Problem:
Repeat the span of the entries below that starts at the line with "this 360×240 image." and ends at the line with "this 800×600 image.", nothing more. Skip the pictures.

Supplied entries:

-- Opening Marker --

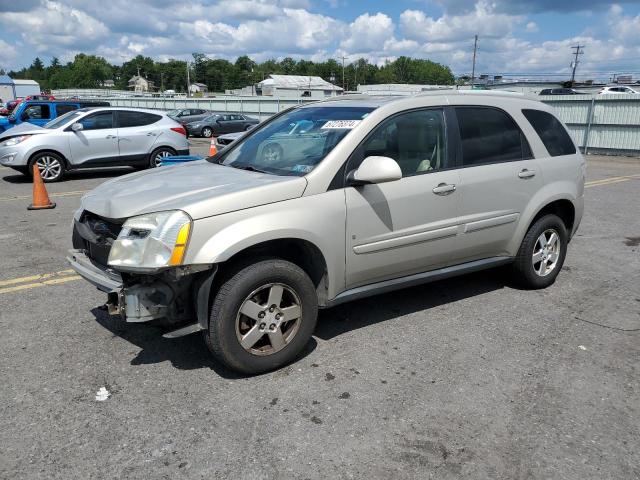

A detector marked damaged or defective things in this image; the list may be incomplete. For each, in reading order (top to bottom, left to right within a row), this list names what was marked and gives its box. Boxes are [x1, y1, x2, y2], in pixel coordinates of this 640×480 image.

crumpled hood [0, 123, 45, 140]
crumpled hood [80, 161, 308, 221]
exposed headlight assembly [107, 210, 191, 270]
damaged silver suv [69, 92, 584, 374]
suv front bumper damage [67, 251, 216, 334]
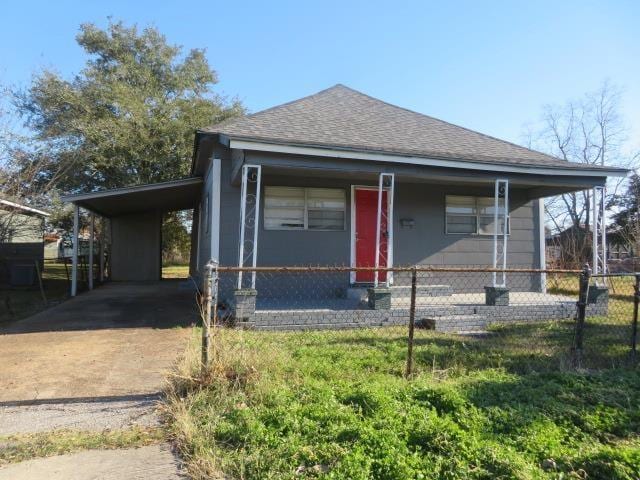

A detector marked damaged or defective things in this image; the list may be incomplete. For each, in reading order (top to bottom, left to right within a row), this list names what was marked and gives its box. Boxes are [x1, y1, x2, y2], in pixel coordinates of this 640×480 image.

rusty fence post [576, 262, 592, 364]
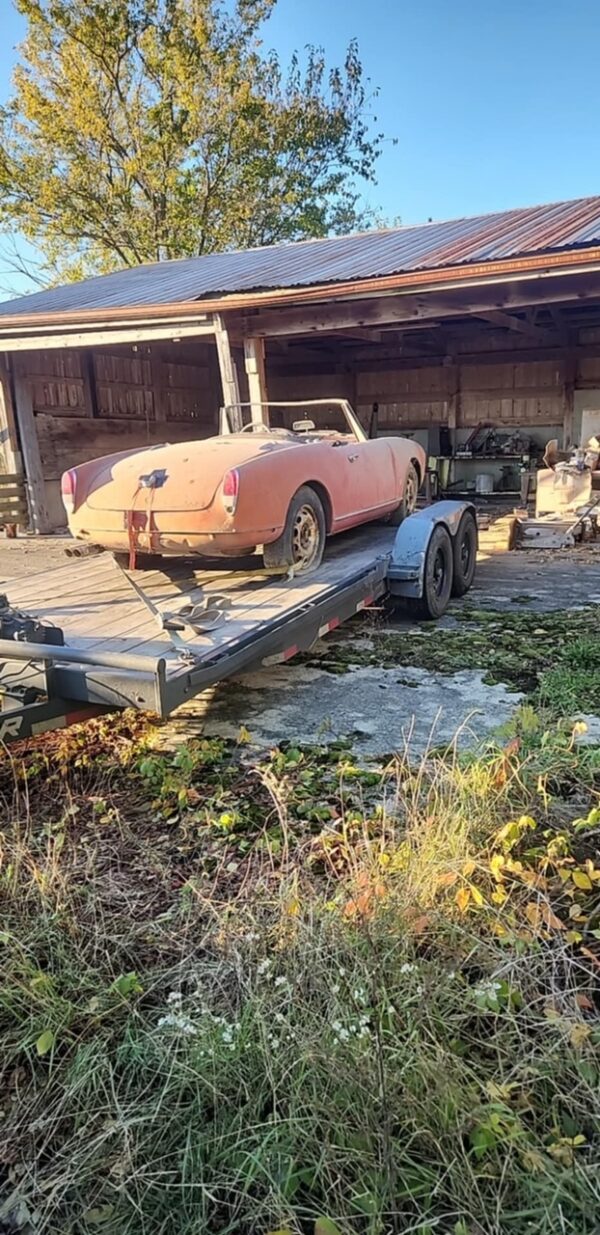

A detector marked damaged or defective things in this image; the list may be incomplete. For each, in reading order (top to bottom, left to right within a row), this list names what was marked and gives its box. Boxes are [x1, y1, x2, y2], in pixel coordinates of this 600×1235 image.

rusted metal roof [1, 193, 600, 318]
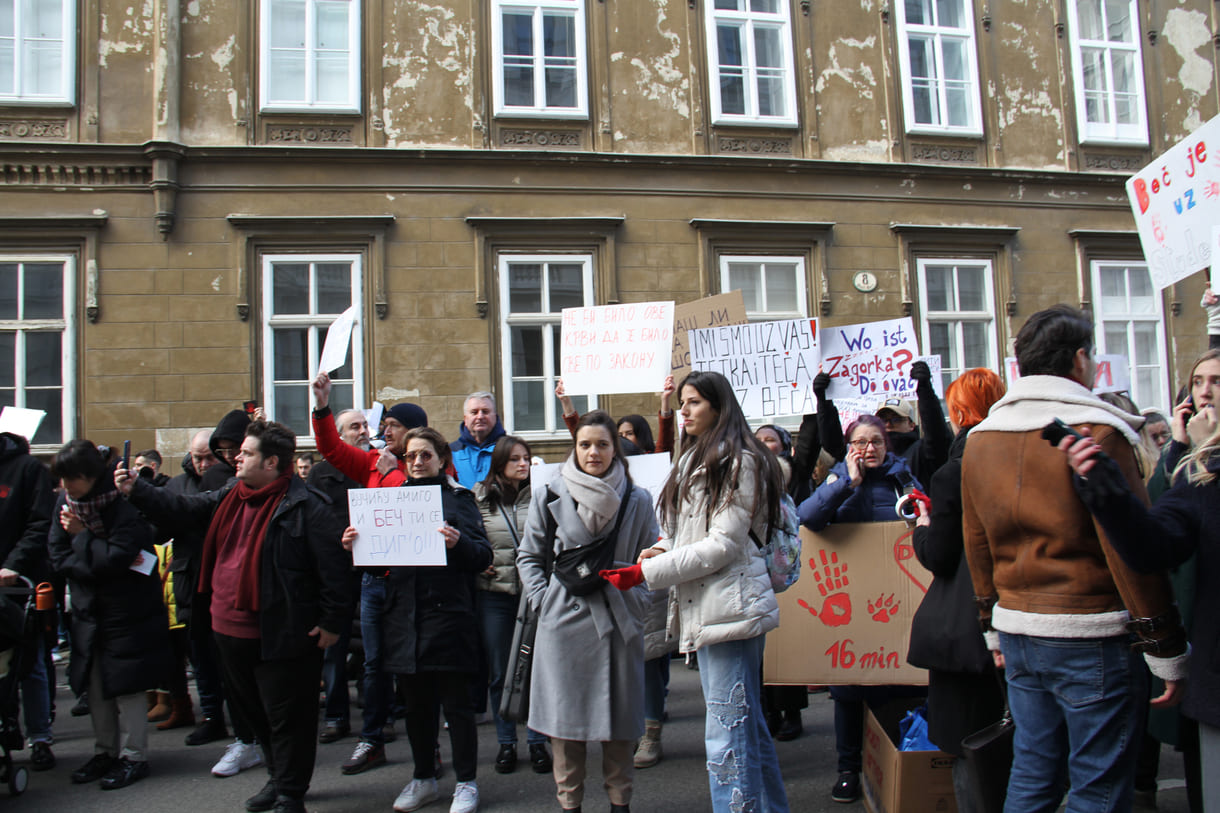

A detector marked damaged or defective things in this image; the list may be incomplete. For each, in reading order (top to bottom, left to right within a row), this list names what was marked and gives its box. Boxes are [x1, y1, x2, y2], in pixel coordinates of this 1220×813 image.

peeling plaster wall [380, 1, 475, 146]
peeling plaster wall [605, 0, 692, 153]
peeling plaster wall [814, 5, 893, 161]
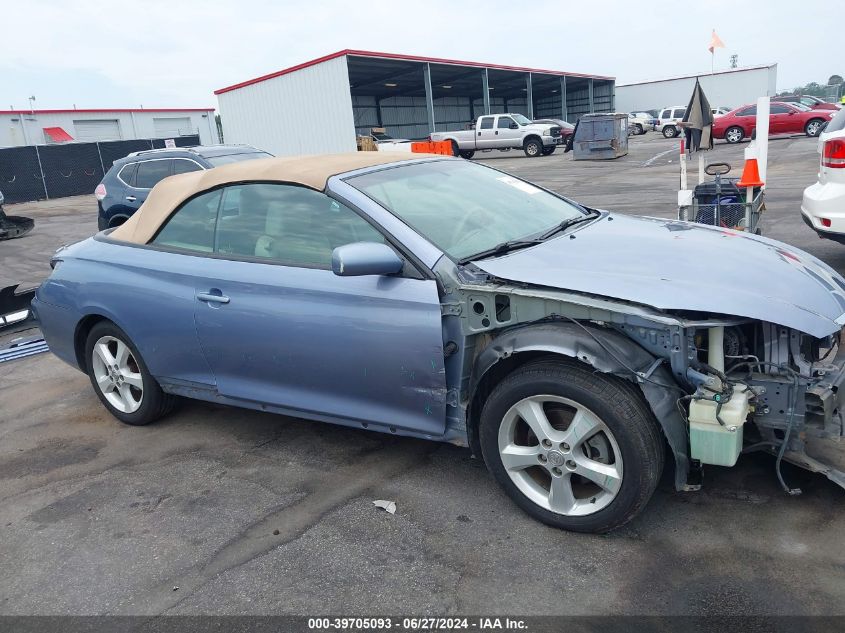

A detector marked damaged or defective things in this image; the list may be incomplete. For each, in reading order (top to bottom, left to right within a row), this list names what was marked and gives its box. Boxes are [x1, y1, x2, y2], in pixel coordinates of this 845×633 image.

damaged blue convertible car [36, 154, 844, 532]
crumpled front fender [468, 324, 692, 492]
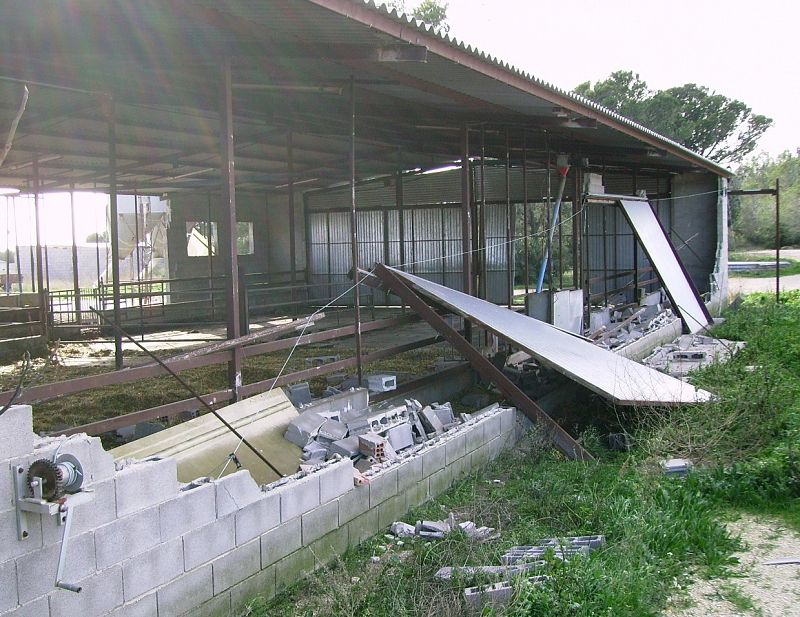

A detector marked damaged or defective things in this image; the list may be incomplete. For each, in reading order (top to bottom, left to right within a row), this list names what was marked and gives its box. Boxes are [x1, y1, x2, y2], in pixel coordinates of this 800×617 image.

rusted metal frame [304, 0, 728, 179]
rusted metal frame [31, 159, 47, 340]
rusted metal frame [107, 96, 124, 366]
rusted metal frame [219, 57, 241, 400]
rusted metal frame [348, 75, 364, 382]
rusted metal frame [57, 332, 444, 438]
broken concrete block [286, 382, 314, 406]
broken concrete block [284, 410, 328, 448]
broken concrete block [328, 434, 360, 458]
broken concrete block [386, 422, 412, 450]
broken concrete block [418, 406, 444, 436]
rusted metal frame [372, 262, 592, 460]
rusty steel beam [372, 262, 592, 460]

-- Closing Marker --
-- Opening Marker --

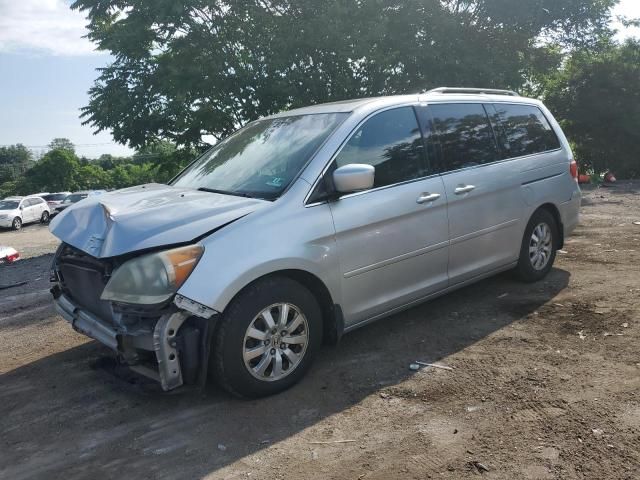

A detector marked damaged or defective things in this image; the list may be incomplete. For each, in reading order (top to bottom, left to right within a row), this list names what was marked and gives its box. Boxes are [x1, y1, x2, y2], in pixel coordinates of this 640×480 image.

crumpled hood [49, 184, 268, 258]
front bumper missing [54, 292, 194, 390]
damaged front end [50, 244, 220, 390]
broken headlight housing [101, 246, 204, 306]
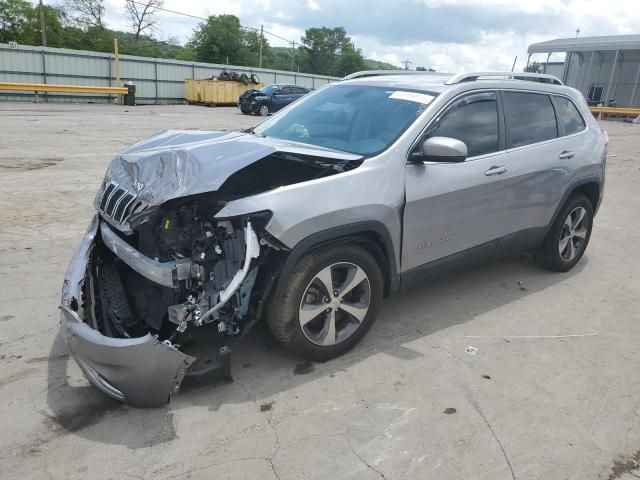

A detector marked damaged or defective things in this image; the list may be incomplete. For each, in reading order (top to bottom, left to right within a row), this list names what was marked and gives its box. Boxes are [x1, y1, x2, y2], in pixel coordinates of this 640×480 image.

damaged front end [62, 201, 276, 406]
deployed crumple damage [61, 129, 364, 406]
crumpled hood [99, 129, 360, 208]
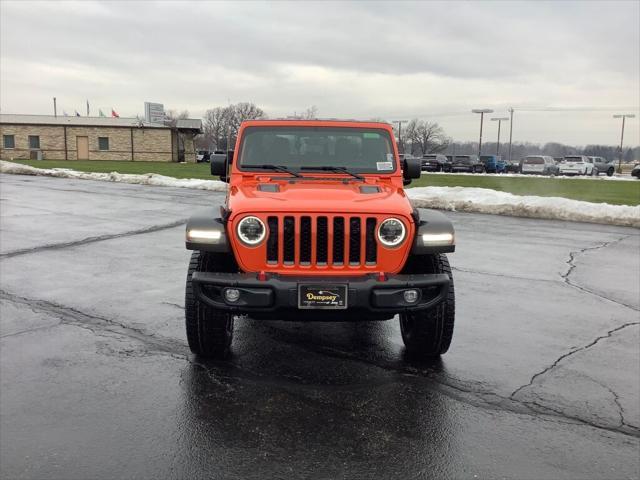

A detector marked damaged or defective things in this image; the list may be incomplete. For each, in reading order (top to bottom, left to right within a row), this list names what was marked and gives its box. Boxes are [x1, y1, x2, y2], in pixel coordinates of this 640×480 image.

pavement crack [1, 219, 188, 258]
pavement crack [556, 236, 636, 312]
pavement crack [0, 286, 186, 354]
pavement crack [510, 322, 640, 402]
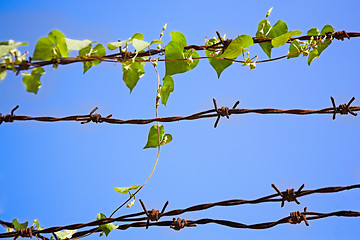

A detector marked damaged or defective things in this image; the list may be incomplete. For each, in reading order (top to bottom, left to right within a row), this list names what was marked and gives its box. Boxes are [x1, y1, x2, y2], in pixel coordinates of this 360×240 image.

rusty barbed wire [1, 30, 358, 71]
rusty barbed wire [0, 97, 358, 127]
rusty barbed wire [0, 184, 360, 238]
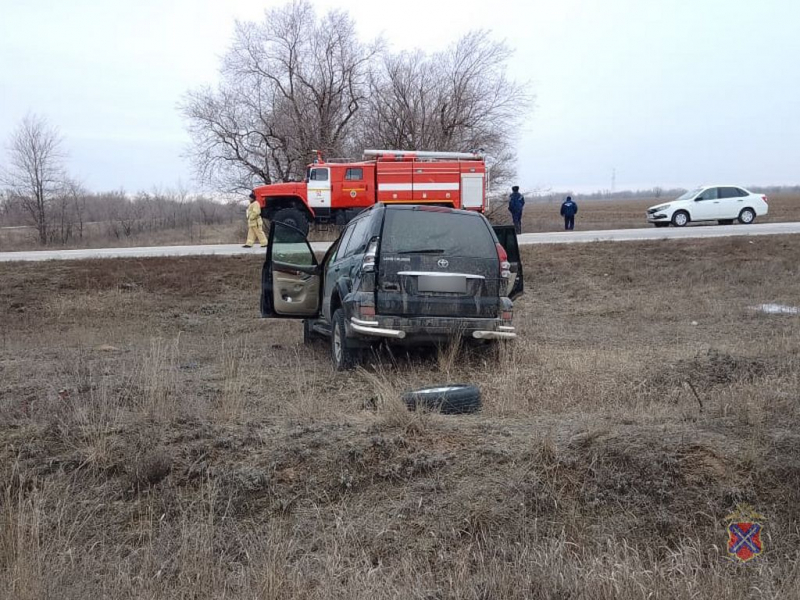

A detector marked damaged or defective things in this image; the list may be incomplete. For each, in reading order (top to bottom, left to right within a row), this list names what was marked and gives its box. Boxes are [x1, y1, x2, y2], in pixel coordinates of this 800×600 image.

-- Closing Marker --
-- Opening Marker --

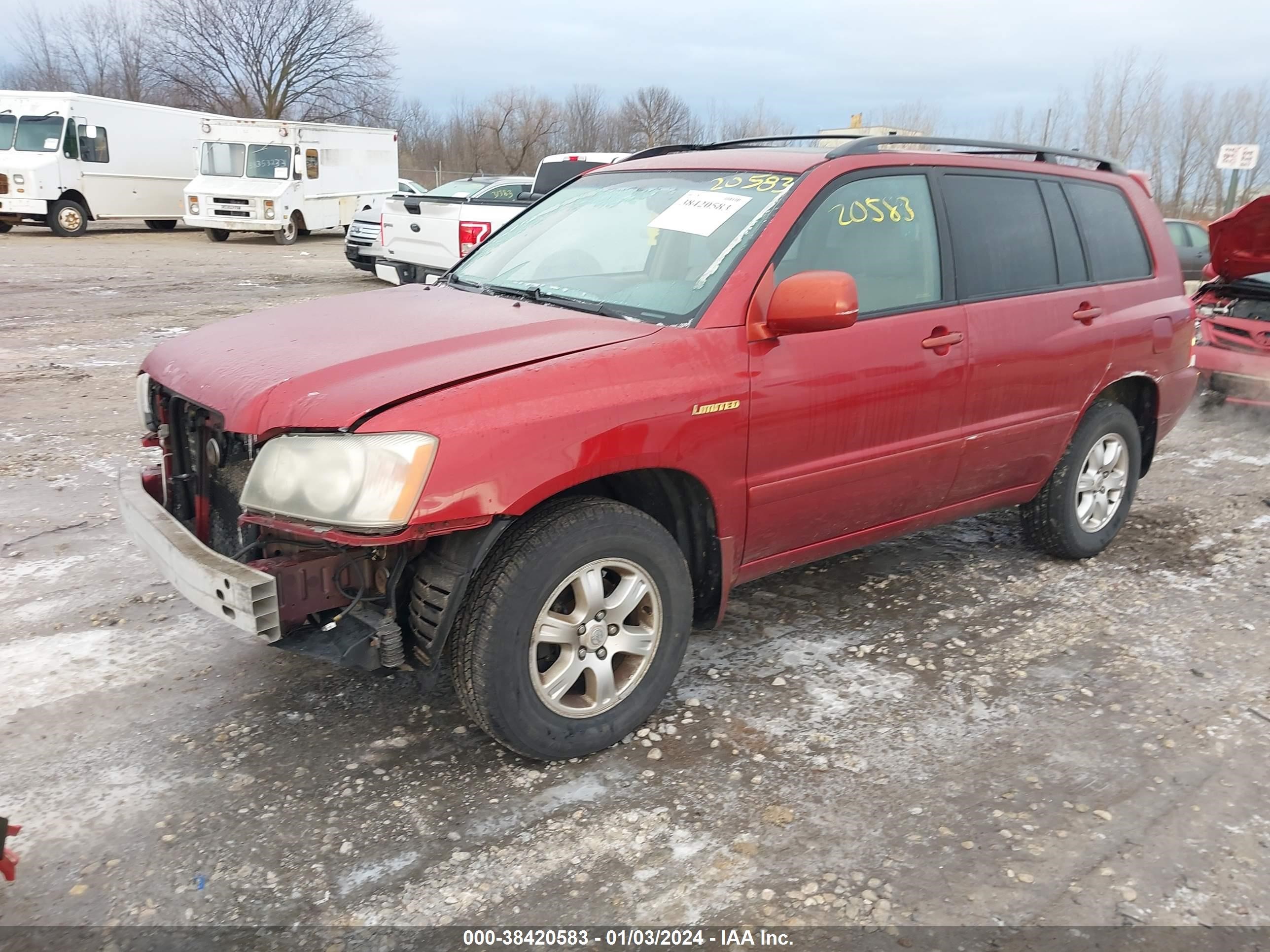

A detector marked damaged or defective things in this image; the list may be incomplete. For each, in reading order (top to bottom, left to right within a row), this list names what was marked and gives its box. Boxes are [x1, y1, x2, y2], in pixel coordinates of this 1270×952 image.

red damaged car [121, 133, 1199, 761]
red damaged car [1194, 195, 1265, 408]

-- Closing Marker --

Written response:
A detector marked damaged or defective things in this image; the list may be incomplete. For each, in reading order (top to bottom, left to right within a row), this list names what was marked and gives its box. Boxes are [x1, y1, x2, y2], in pixel coordinates of this 360×240 image.

rusty barbed wire [1, 30, 358, 71]
rusty barbed wire [0, 97, 358, 127]
rusty barbed wire [0, 184, 360, 238]

A detector marked damaged or defective things in this image; the list may be incomplete. For each, in reading order (top to bottom, left to right within a row), this list names what was marked and gives its box. Boxes are [x1, y1, x2, y2], in pixel coordinates of this 800×600 image.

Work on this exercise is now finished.